We granted certiorari and consolidated these three cases to determine which stat*1302ute of limitations applies to personal injury negligence actions arising from motor vehicle accidents and when the statute of limitations begins to run. In all three cases, the court of appeals held that the three-year statute of limitations under section 13-80-101(1)©, 6A C.R.S. (1987), is applicable to such cases, declining to reach the second issue. We now affirm the court of appeals’ decisions in light of Jones v. Cox, 828 P.2d 218 (Colo.1992).

I.

The facts of each case are set out in three separate parts below.

A.

The first case we address is that of Lee v. Bettale and Narvaez, No. 91SC28. Theresa Bettale and Larry Narvaez filed this action against Yong Ok Lee on June 26, 1989 for injuries incurred in an automobile accident that occurred on February 6, 1987. The briefs indicate that all parties were insured. In addition, Lee asserts that it is undisputed that the plaintiffs were aware of their injuries and the fact that those injuries were caused by the accident on the date of the accident. The plaintiffs do not argue to the contrary.

The trial court dismissed the action on the grounds that the plaintiffs had failed to comply with the two-year statute of limitations of section 13-80-102(l)(a), 6A C.R.S. (1987), which began to run on the date of the accident.
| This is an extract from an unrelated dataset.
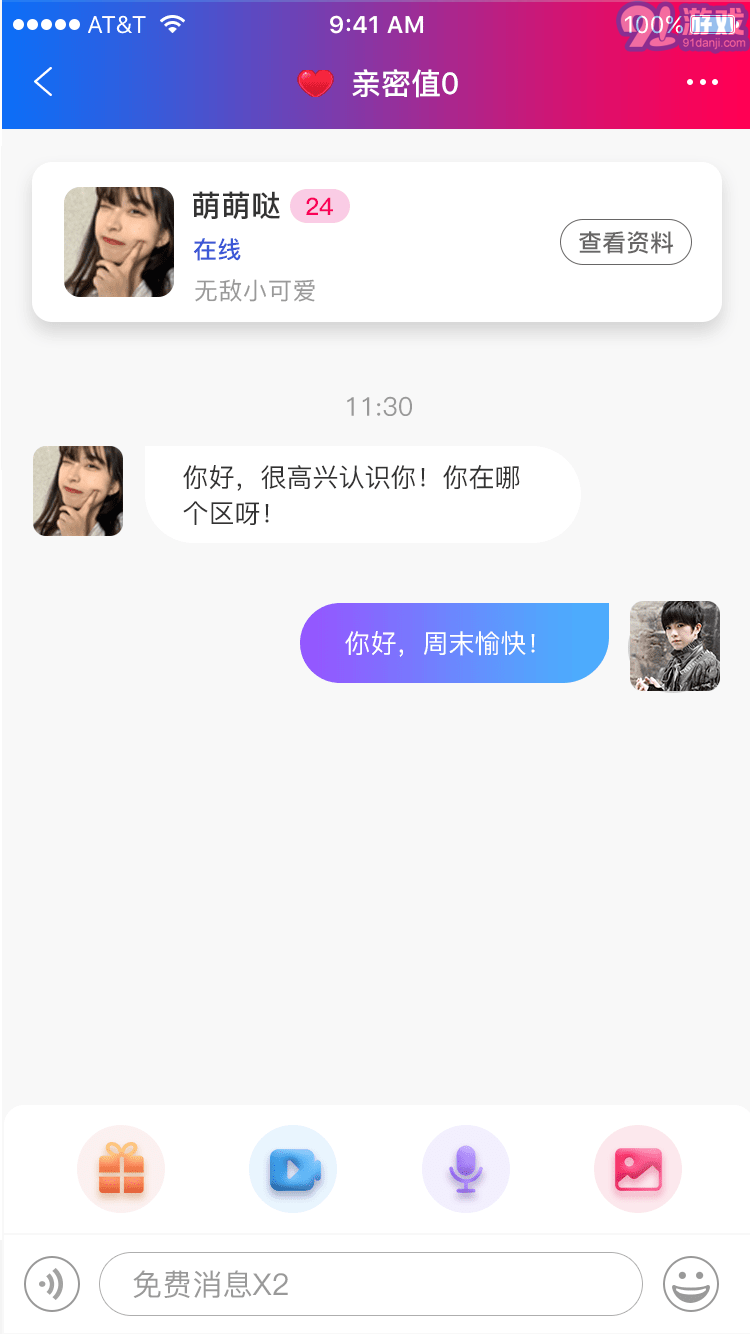 附近對(duì)聊官網(wǎng)1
The court of appeals, following its holding in Cox v. Jones, 802 P.2d 1125 (Colo.App.1990), held that the three-year statute of limitations of section 13-80-101(1)© was applicable and that the action was not barred because it was filed within three years of the date of the accident.

B.

Second, we address the case of Lorentz, Lorentz and Lorentz Trucking and J & B Trucking Co. v. Disner, No. 91SC9. This case involved a personal injury action arising out of an automobile accident which occurred on March 30, 1987. The action was filed by Kay Disner on August 22, 1989. The briefs indicate that all parties were insured. Disner does not dispute that she knew of her injury and its cause on the date of the accident.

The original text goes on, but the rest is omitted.